Loosen the screw at the back and give the prongs a good firm push into the rear. A really good firm push. *A really good firm push!*


----------



## Darin Kel J (Jul 21, 2015)

Are they suppose to be loos? On mine they are and won't tighten


----------



## Slingshot Silas (Apr 4, 2013)

Hey Fellas, :wave:

I got a Barnett Mallard Commander the other day at WallyWorld for $5 on clearance. Yep, those Duck Dynasty fellas. (Good wholesome show, by the way--well, my opinion anyway). Wrist brace attachment is the same as the Diablo Pro II. I frickin' hate the thing, but thought of making it into a slingbow. I have a stupid question, just like I usually do. :banghead: I too want to know about installing the wrist brace.

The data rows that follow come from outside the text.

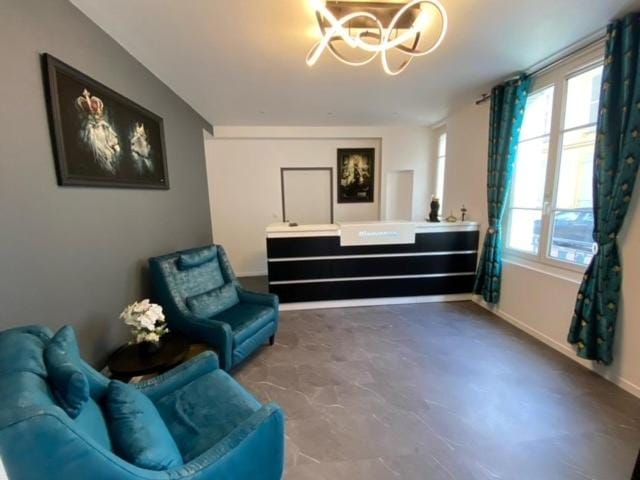 Hôtel Le Home Saint Louis — 1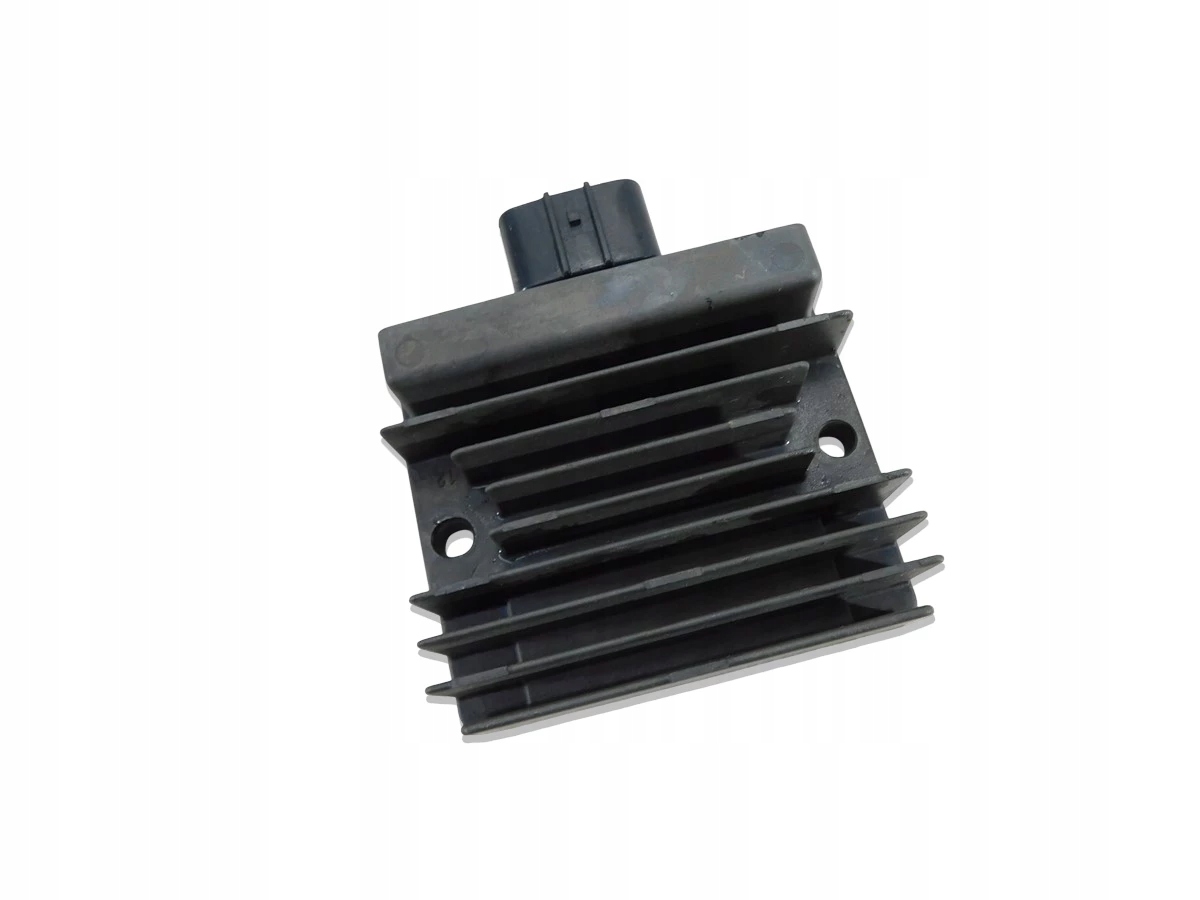 Regulátor Napätia Kawasaki Z 900 17-19 U-11 SH868BA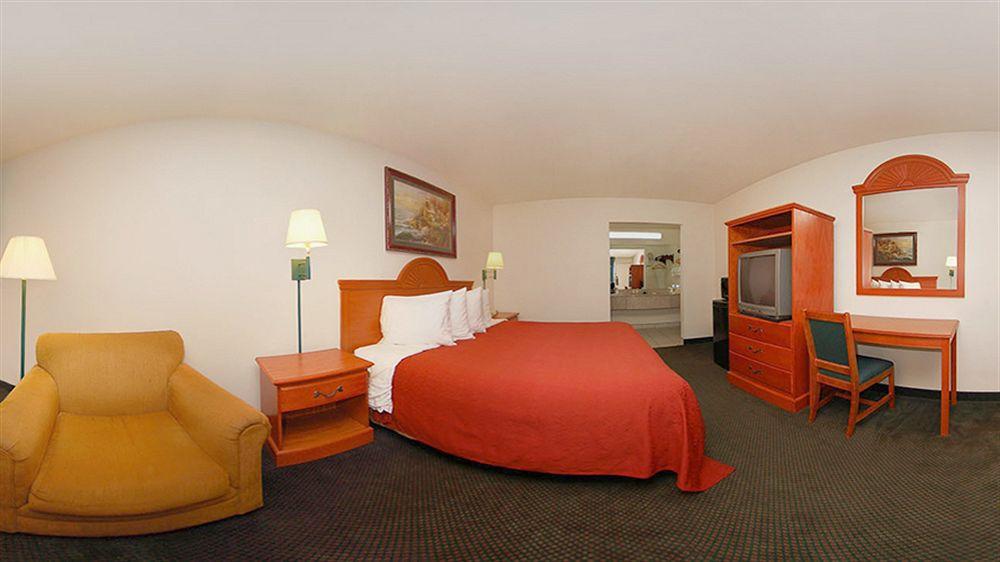 Quality Inn & Suites Hardeeville - Savannah North Exterior foto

I know the rod ends with the little prongs goes into the holes in the back-end of the slingshot. Not quite that stupid. He he. Which way do they go in. Prongs to the inside or to the outside. :iono: I assume to the inside, but like spacebats said, they seem to take a he!! of a lot of force. At $5, I am tempted to drive them in with a hammer. :bonk: WTF. Bronskimac said the same thing, more or less, in some different words. He said to use * "A really good firm push!" *I believe he meant it, too.The design sux, (my opinion again, and no offense to anybody that has one and loves it), and it is way too bulky for my liking. :violin: I might end up giving it to one of the kids I know, if I can get the thing put together. If he has any sense, he'll probably promptly shoot me in the rear end! If I was going to get another wrist braced slingshot, it would be the Black Widow. That thing is infinitely more compact. And it is about half the price of any of the other slingshots in this line that use the same frame geometry. Of course unless you can get it on clearance. I would NOT have paid more than $5--yep, it was an impulse buy! It really ain't *that* bad.

Keep-a-shootin'--preferably with something else,

SSS

:woot: :woot:


----------